= Angèle Albrecht =

German ballet dancer

Angèle Albrecht (12 December 1942 – 1 August 2000) was a German ballerina.

== Life and career ==
Born in Freiburg im Breisgau, Albrecht was the daughter of the Munich painter and stage designer Elmar Albrecht. After training with Lula von Sachnowsky and at the Royal Ballet School in London, she had engagements at the Mannheim National Theatre (1960/61) and at the Hamburg State Opera (1961–1967), where she was discovered as a "great ballerina" under George Balanchine. From 1967 she was a solo dancer in the ballet du XXième siècle by Maurice Béjart in Brussels for many years, where she was successful in Bhakti, Boléro and The Rite of Spring, among others.
Guest tours took her to Berlin and Venice (1964), Spain (1965), Munich (1966) and Zurich (1967) with the ballet of the Hamburg State Opera, and to Denmark, Germany, France, Italy, Canada, Cuba, Luxembourg, Mexico, the Netherlands, Poland and Portugal with the "ballet du XXième siècle" among others.

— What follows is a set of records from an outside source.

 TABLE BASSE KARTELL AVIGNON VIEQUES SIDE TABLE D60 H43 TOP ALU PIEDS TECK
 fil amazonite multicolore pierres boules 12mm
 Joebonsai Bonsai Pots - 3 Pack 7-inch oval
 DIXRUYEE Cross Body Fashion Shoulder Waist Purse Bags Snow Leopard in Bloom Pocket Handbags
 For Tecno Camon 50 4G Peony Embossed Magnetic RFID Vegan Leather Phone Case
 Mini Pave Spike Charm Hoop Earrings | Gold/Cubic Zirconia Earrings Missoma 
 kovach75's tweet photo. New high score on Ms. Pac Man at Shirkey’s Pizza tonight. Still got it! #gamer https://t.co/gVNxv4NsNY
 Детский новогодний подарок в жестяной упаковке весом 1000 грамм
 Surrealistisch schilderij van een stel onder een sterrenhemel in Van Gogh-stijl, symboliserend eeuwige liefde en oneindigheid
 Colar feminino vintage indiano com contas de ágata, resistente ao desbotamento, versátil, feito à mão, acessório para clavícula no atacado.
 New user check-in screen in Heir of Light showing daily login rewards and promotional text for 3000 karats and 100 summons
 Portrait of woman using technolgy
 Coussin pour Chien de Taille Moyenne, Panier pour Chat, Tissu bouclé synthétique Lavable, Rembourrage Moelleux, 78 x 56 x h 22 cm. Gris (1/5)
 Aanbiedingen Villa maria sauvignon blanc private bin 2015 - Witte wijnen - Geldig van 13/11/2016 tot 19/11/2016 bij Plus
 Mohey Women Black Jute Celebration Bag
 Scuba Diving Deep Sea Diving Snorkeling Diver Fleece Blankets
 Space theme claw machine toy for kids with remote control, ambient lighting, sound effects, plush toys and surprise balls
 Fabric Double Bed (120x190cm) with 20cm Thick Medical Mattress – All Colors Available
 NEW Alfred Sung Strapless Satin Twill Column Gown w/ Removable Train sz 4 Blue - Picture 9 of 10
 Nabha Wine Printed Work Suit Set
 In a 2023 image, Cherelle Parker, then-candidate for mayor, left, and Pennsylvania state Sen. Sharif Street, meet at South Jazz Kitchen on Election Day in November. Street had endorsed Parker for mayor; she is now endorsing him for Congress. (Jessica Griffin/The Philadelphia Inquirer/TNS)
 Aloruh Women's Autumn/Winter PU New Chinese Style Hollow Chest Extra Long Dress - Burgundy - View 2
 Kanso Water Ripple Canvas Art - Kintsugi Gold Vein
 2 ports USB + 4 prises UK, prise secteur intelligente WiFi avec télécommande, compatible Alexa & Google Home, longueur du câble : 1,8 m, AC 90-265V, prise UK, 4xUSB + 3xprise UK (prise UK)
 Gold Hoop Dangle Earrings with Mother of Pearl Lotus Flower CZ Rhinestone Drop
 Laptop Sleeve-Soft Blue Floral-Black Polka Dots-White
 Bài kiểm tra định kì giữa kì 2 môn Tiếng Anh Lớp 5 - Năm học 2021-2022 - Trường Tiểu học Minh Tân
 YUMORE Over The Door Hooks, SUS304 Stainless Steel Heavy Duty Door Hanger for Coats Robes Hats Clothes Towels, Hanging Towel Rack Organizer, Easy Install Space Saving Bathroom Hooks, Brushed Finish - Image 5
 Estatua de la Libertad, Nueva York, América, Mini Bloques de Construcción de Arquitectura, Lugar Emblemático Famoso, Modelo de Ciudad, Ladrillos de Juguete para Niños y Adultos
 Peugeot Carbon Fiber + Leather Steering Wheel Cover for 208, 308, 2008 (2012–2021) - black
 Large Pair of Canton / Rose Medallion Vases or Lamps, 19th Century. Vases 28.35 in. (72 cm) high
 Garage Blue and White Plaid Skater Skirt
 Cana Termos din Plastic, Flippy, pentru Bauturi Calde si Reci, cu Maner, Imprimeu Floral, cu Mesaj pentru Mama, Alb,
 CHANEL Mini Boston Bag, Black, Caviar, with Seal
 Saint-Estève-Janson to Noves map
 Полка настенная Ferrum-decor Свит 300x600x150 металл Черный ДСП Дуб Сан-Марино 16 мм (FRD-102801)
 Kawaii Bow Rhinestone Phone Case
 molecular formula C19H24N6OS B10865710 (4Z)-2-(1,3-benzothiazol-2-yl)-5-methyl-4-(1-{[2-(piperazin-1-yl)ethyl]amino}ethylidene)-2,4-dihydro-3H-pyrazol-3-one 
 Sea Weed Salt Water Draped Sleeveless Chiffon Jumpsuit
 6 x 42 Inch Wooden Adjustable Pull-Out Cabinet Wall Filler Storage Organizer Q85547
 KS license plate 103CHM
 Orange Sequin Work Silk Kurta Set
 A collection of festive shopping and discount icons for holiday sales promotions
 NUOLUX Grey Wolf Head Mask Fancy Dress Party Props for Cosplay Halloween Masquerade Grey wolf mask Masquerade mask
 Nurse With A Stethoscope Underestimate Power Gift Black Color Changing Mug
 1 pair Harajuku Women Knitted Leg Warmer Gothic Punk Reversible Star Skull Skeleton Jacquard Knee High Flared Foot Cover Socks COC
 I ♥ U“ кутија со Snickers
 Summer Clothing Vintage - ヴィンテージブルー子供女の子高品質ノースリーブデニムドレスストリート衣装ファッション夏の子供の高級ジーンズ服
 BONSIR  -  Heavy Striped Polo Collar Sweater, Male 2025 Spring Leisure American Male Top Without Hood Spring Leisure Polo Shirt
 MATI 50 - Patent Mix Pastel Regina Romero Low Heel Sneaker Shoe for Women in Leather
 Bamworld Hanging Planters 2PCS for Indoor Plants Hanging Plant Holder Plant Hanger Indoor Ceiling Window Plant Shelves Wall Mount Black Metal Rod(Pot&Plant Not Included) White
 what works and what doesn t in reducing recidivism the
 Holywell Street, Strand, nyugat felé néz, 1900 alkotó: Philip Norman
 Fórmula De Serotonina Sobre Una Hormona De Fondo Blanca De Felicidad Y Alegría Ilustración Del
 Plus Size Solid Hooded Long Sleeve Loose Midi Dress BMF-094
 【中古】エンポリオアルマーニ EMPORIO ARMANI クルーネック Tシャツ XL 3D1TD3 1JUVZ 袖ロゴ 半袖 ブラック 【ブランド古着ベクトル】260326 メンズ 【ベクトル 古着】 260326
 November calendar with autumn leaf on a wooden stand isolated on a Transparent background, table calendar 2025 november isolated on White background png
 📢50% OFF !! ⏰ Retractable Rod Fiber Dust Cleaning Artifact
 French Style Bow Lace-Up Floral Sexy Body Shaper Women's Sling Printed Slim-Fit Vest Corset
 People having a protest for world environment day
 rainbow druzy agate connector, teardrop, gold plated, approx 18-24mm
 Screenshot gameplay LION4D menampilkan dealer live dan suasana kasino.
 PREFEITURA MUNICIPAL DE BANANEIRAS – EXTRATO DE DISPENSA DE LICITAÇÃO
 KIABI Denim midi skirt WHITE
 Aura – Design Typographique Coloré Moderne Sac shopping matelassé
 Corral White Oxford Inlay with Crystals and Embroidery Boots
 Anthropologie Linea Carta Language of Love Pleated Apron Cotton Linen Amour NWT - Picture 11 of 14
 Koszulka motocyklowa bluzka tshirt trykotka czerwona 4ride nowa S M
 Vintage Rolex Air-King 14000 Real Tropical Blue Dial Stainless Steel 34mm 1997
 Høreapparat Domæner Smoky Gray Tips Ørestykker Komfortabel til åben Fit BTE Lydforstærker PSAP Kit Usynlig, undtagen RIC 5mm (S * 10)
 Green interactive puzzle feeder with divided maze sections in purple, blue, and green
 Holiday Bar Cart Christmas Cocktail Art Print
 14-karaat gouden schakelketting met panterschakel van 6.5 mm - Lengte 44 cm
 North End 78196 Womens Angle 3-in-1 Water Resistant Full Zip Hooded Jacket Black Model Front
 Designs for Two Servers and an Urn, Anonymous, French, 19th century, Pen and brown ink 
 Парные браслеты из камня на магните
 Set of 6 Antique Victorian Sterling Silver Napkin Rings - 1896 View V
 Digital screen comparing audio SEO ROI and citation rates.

In 1979, she retired from the stage and founded a ballet school in Brussels, which she gave up in the mid-1980s. She then taught in Munich, among others in the Dance Project and in the Roleff-King Ballet School. She had been married since 1969 to the (exiled) Polish concert pianist and composer Piotr Lachert (later divorced), who dedicated the ballet Angelica to her in 1972. Her son Tigran Albrecht is the offspring of her relationship with the choreographer Lorca Massine, the eldest son of Léonide Massine.

Albrecht died in Munich at the age of 57. Her estate is located in the Deutsches Tanzarchiv Köln.

== Repertoire ==
- Calliope in Apollon Musagète (George Balanchine) – Hamburg 1962.
- Walzer in Les Sylphides (Michel Fokine) – Hamburg 1962.
- Cholerikerin in Die Vier Temperamente (George Balanchine) – Hamburg 1963.
- Die Nacht in Orpheus und Eurydike (George Balanchine) – Hamburg 1963.
- Ariadne in Bacchus und Ariadne (George Skibine) – Wuppertal 1964.
- Beide Hauptrollen in Concerto barocco (George Balanchine) – Hamburg 1966.
- Hauptrolle in Symphony in C (George Balanchine) – Hamburg 1966.
- Carmen in Carmen (Roland Petit) – Hamburg 1967.
- Anna II in Die Sieben Todsünden (Dragutin Boldin) – Lübeck 1967.
- Die Auserwählte in Sacre du Printemps (Maurice Béjart) – Brüssel 1967.
- Klassische Partie in Messe pour le temps présent (Maurice Béjart) – Avignon 1967.
- Fliederfee in Ni fleurs ni couronnes (Maurice Béjart) – Grenoble 1968.
- La Femme in Baudelaire (Maurice Béjart) – Brüssel 1968.
- Königin Mab in Romeo et Juliette (Maurice Béjart) – Brüssel 1968.
- Shakti in Bhakti (Maurice Béjart) – Avignon 1968.
- Yolande in Les 4 Fils Aymon (Léonide Massine/Paolo Bortoluzzi/Maurice Béjart) – Avignon 1969.
- Elle in Les Vainqueurs (Maurice Béjart) – Brüssel 1969.

== Reception ==
- Wilfried Hofman: "Angele Albrecht is a stroke of luck: she is an entirely original dancing talent, a woman of high, exotic and yet classical beauty and at the same time a modest, uncorruptible girl".
- Malve Gradinger: "a technically highly brilliant interpreter with a strong personality".